SQL Server Change Data Capture: Pros and Cons Challenges
A limitation that we see with the SQL Server Change Data Capture functionality is that it uses I/O and has a small overhead on server resources; however, it has no impact on the tables themselves. There are no locks, reads, or anything to block or slow down transactions. There are several other mechanisms that support real-time data replication from SQL Server. When the underlying tables have large volumes of DML activity, SQL Server CDC may not be the optimum solution.

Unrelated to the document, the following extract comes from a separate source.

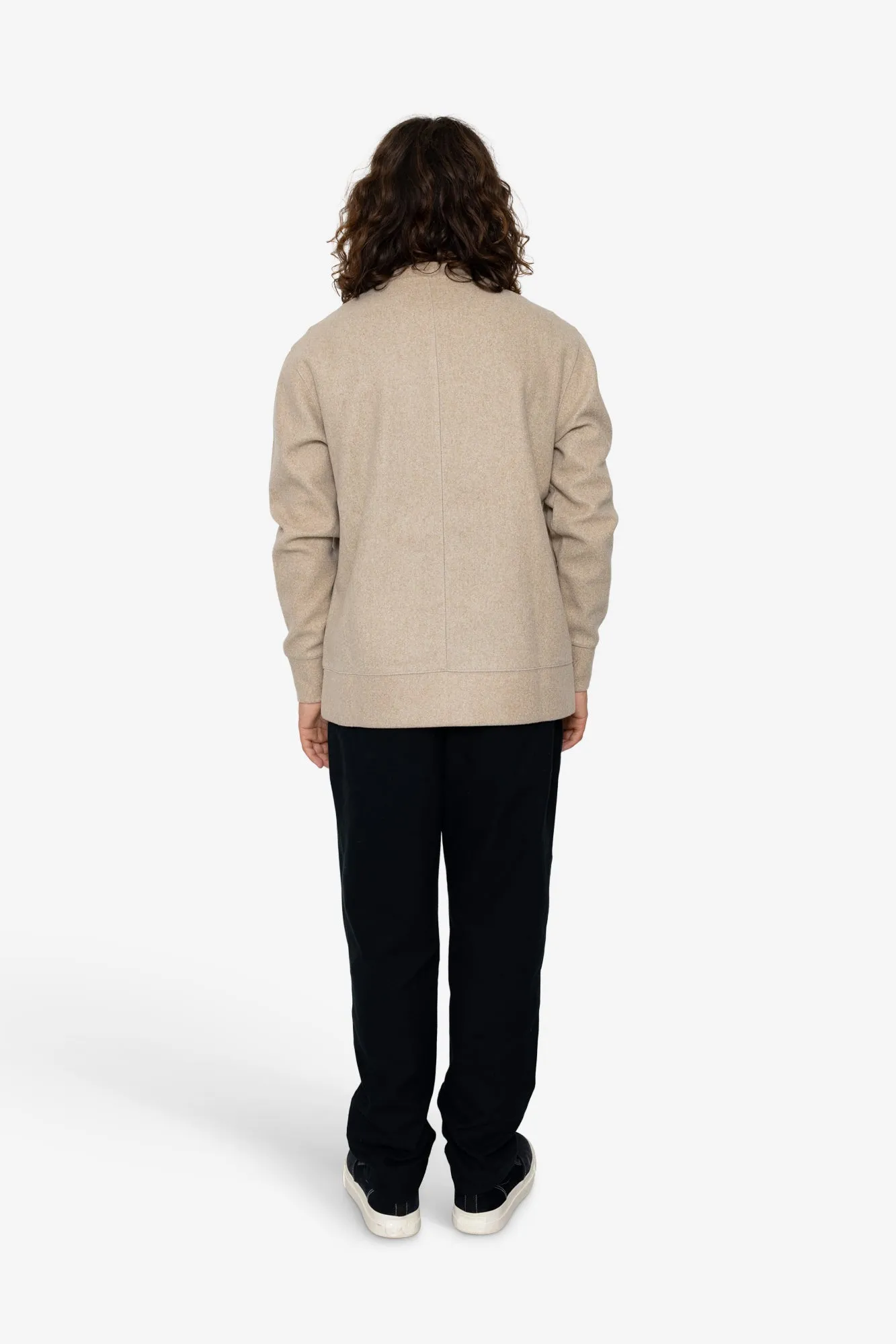 Mercer Crew Sweatshirt - Oatmeal sold by Folk product image thumbnail 5
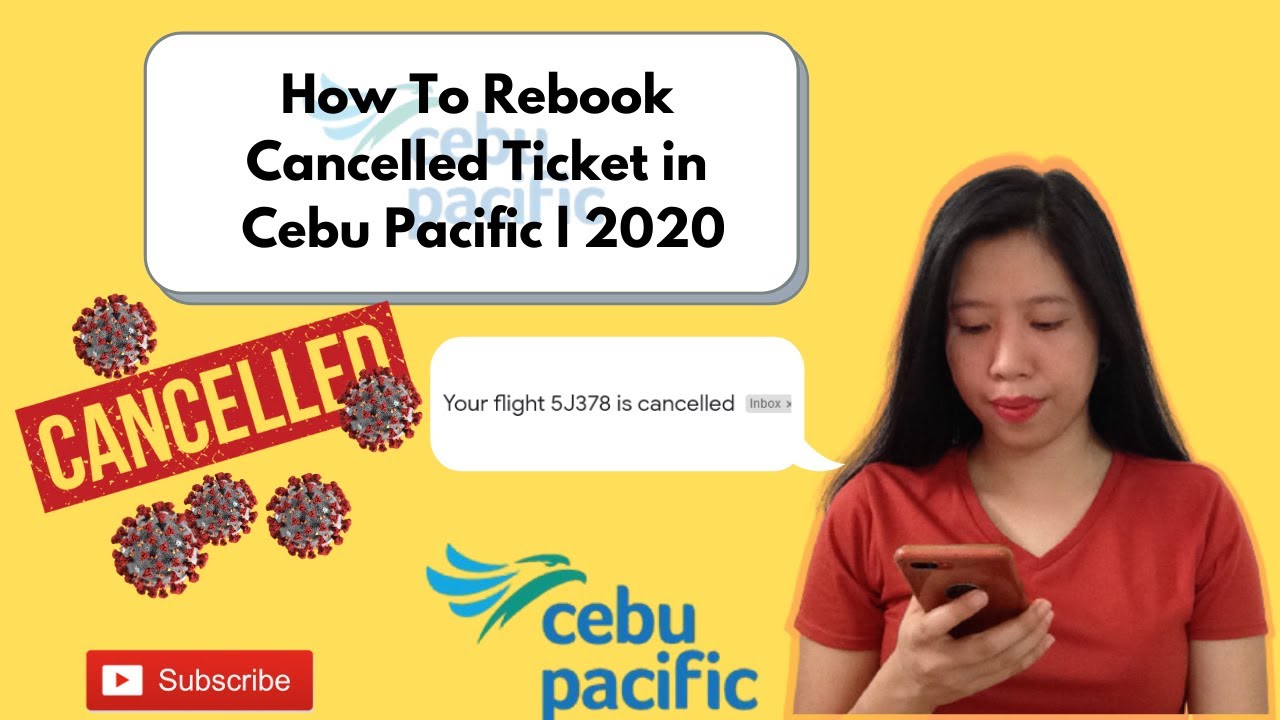 How To Rebook Cancelled Ticket In Cebu Pacific Air YouTube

It is harder to set up than other mechanisms and may need some on-going intervention by the DBAs for transaction logs for transactional replication.
Benefits
The benefit with SQL Server Change Data Capture is that most replication mechanisms from SQL Server require the tables to have a primary key. CDC will support tables without a primary key and this is the use case it is most useful for, as incremental data and real-time replication can be achieved without primary keys on the tables to be replicated.
The CDC mechanism can be used for Always On Availability Groups on SQL Server as CDC data is replicated to the replicas.
CDC codes
When the feature is enabled on a table, the change table named cdc.<captured_instance>_CT is automatically created in the tracked database. The table contains a row for each insert and delete on the source table, and two rows for each update. The first one is identical to the row before the update, and the second one to the row after the update. To query the table, use the cdc.fn_cdc_get_all_changes and cdc.fn_cdc_get_net_changes functions.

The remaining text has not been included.